See a brief biography of Fourier, who had a fascinating life. He served as a scientific adviser on Bonaparte’s Egyptian expedition and later as Prefect of Isère in Grenoble, where he pursued his theory of heat conduction and the use of trigonometric series.
In 1807 Fourier presented his heat memoir to the Paris Institute. The committee (Lagrange, Laplace, Monge, Lacroix) balked at representing arbitrary functions by trigonometric series and questioned the rigor; Biot and Poisson added objections. Fourier won the Institute’s 1811 prize, but publication lagged until 1822—evidence of the Academy’s initial resistance to what we now call Fourier series.

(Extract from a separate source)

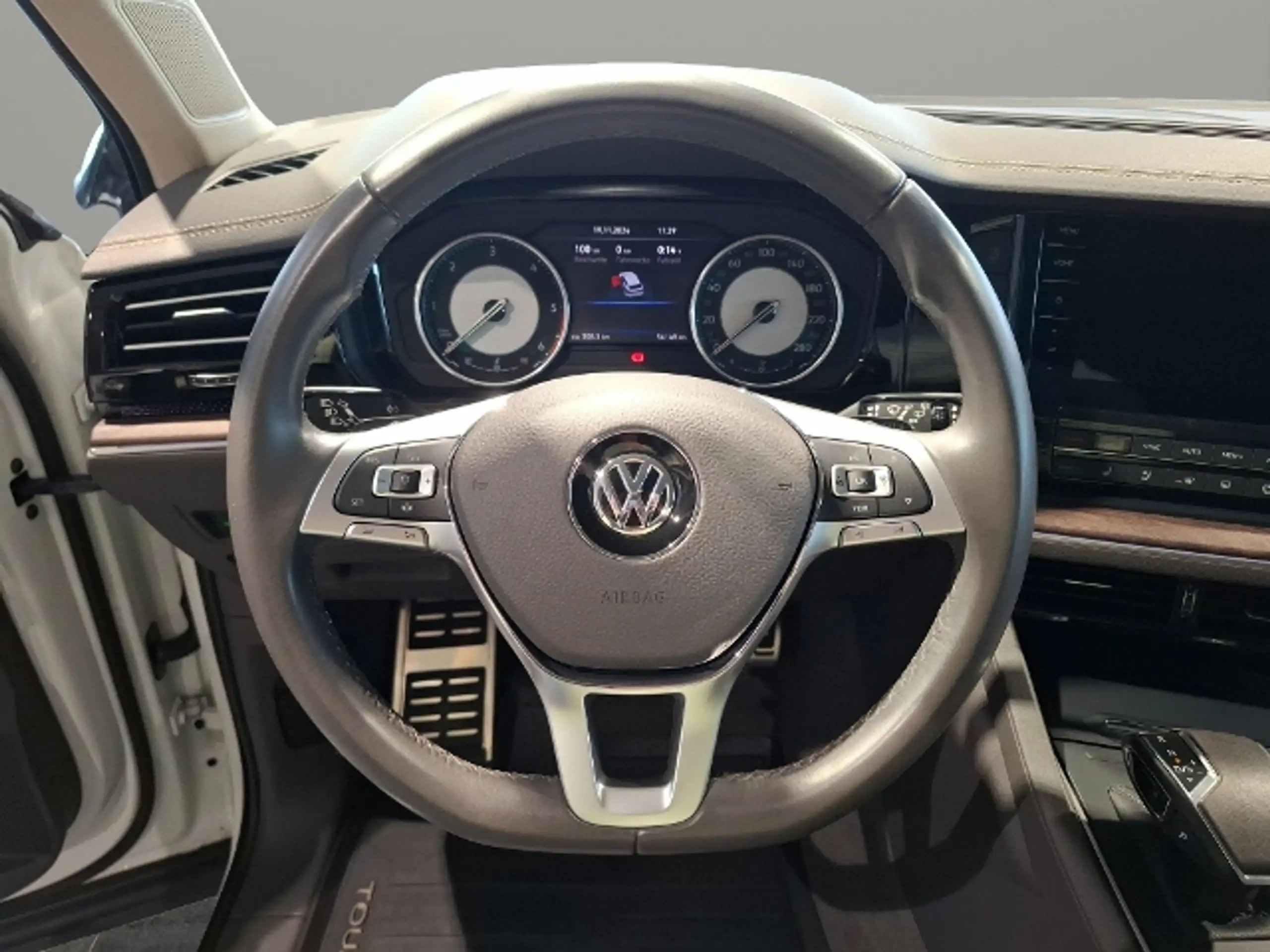 Volkswagen - Touareg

- Son of a tailor; Orphaned at 9
- Educated by Benedictines
- Supported the Revolution, becoming an adviser to Bonaparte in Egypt
- A statue of Fourier, erected in Grenoble, was later melted for armaments
31.7.1 Counting parameters
A length‑\(N\) real signal \(I[n]\) has \(N\) real values. The complex-valued DFS parameterization, however, seems to use more than \(N\) parameters. For example, the sine–cosine form has both \(s_f\) and \(c_f\) for each \(f\), and the complex exponential form uses \(N\) complex weights \(w_f\) (that’s \(2N\) real numbers). How can that be?
The resolution is that for real signals the Fourier coefficients obey symmetries that reduce the number of independent values back to \(N\) real degrees of freedom.

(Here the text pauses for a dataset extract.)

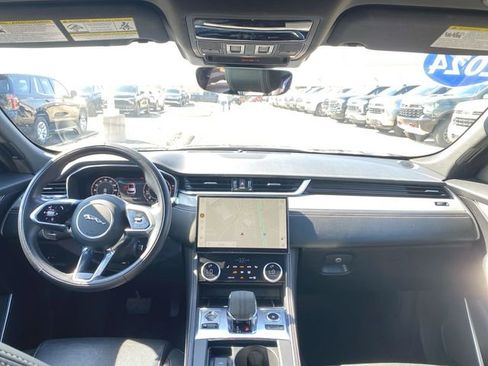 Used 2024 Jaguar F-PACE R-Dynamic S image 21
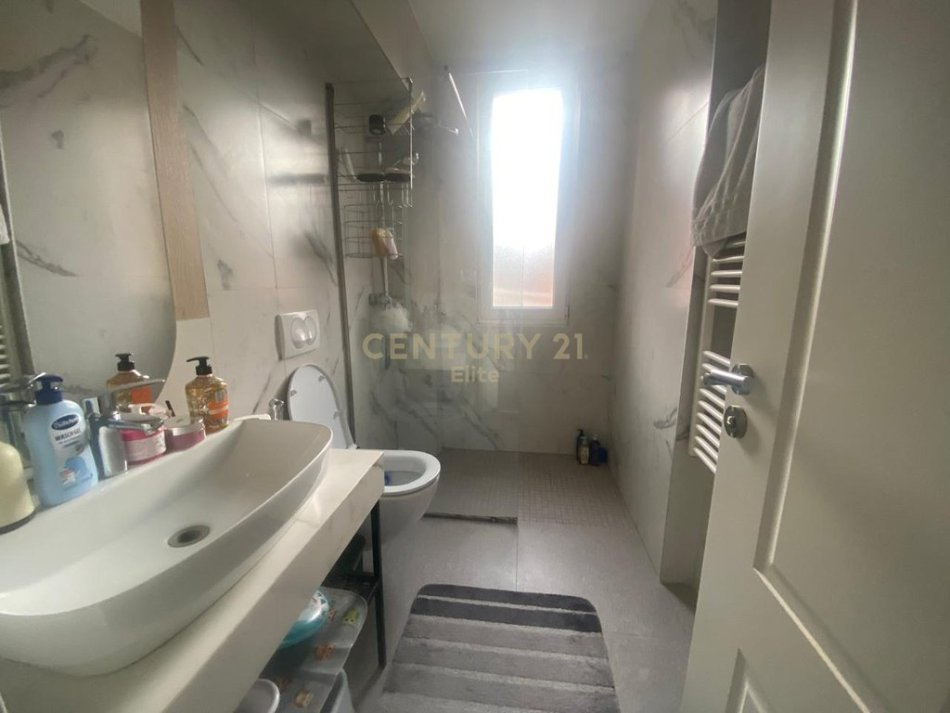 Tirane, shitet apartament 3+1+Aneks+Ballkon Kati 4, 130 m² 240.000 € (Rrugen Muhamet Gjollesha prane shkolles Sabaudin Gabrani.)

The cleanest way to see this is in the complex form. For real \(I[n]\), \[ w_{f} \;=\; \overline{w}_{\,N-f}, \qquad f=1,\ldots,N-1, \] so the coefficients come in complex‑conjugate pairs. Using Euler’s formula (Equation 31.8), these relate to the sine–cosine and amplitude–phase parameters as \[ w_f = \tfrac{1}{2}\,(c_f - i\,s_f), \qquad w_{N-f} = \tfrac{1}{2}\,(c_f + i\,s_f), \tag{31.9}\] and \[ w_f = \tfrac{a_f}{2}\,e^{\,i(\phi_f - \pi/2)}, \qquad w_{N-f} = \tfrac{a_f}{2}\,e^{\,-i(\phi_f - \pi/2)}. \tag{31.10}\]
Two special bins are purely real for real signals: - DC (\(f=0\)): only the cosine term contributes; this is the mean. - When \(N\) is even, the Nyquist bin (\(f=N/2\)): \(\sin(\pi n)=0\) for all integers \(n\), so only cosine remains. This bin is also purely real.

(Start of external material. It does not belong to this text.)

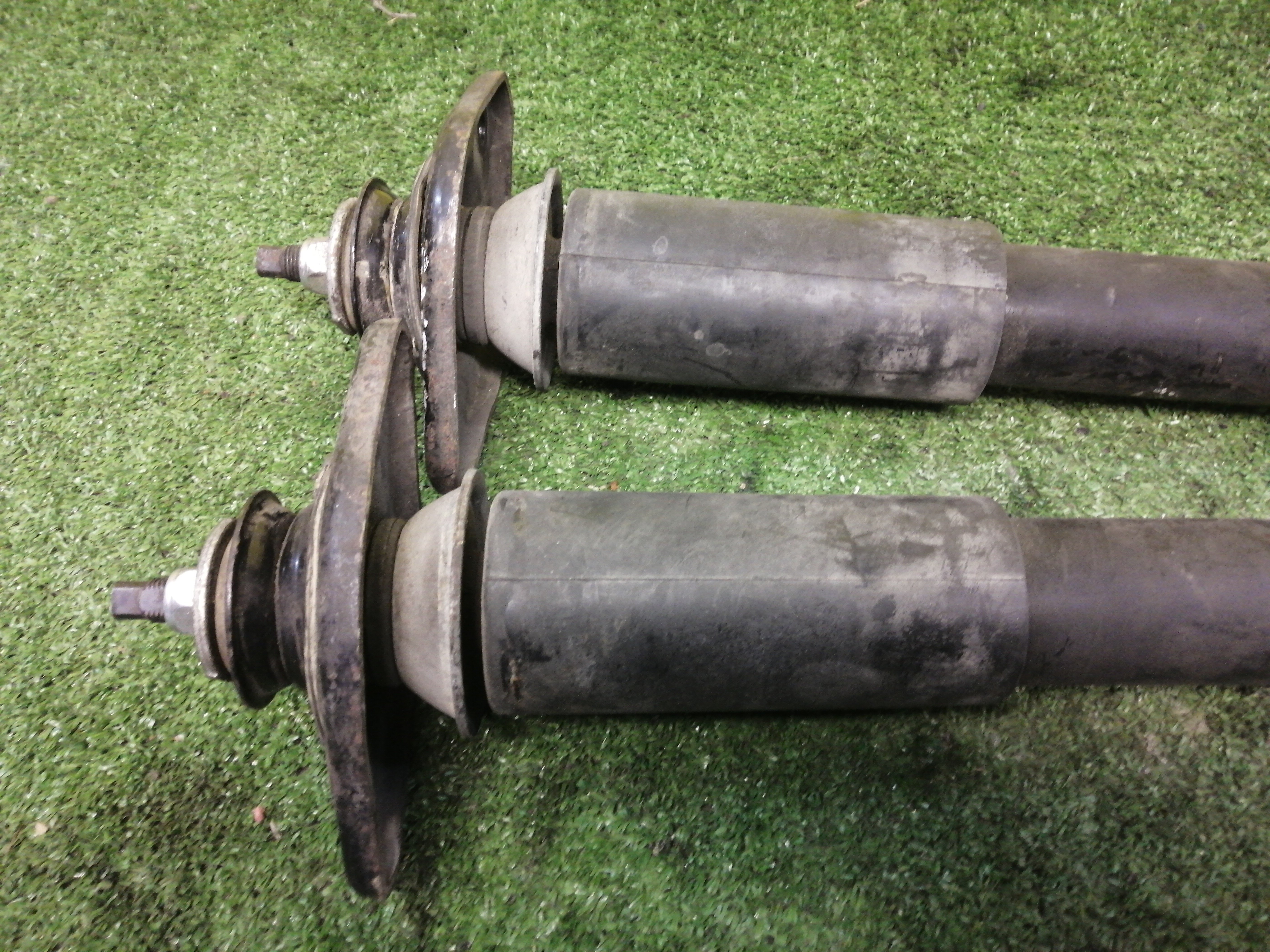 АМОРТИЗАТОР/NIS/MURANO/PNZ50/B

These symmetries remove the apparent over‑parameterization.
31.7.2 Sampling rate and Nyquist frequency
If image samples are spaced every \(\Delta x\), we say the sampling rate is \(f_s = 1/\Delta x\) (samples per unit). The Nyquist frequency is half the sampling rate, \[ f_N \;=\; \frac{f_s}{2} \;=\; \frac{1}{2\,\Delta x}, \] and is measured in cycles per unit (e.g., cycles/degree or cycles/mm for spatial signals). In DFT index units (dimensionless bin indices), \(f_N\) aligns with the bin at index \(N/2\) when \(N\) is even; when \(N\) is odd there is no bin exactly at \(f_N\).
As we saw in the previous section, because of conjugate symmetry, only about “half” of the spectrum is unique:
Even \(N\): There are two special, real bins—DC (\(f=0\)) and Nyquist (\(f=N/2\)). The remaining bins form conjugate pairs \((f,\,N-f)\) for \(f=1,\ldots,N/2-1\). The count of distinct frequency bins is \[ 1 \text{ (DC)} \;+\; (N/2-1) \text{ pairs} \;+\; 1 \text{ (Nyquist)} \;=\; N/2 + 1. \] Each conjugate pair contributes two real degrees of freedom (real and imaginary parts), and the two special bins contribute one each, totaling \(N\) real degrees of freedom.
Odd \(N\): There is no Nyquist bin. We have DC (\(f=0\)) plus conjugate pairs \((f,\,N-f)\) for \(f=1,\ldots,(N-1)/2\). The count of distinct bins is \[ 1 \text{ (DC)} \;+\; (N-1)/2 \text{ pairs} \;=\; (N+1)/2, \] again yielding \(N\) real degrees of freedom.
It is common to compute and report only this non‑redundant “half‑spectrum” (plus DC, and the Nyquist bin when \(N\) is even). In continuous‑domain sampling language, frequencies above the Nyquist frequency \(f_N\) “fold” or alias back; in DFT index terms, information in bins above \(N/2\) is redundant with bins below \(N/2\) for real‑valued signals. Some authors therefore call the Nyquist frequency the folding frequency.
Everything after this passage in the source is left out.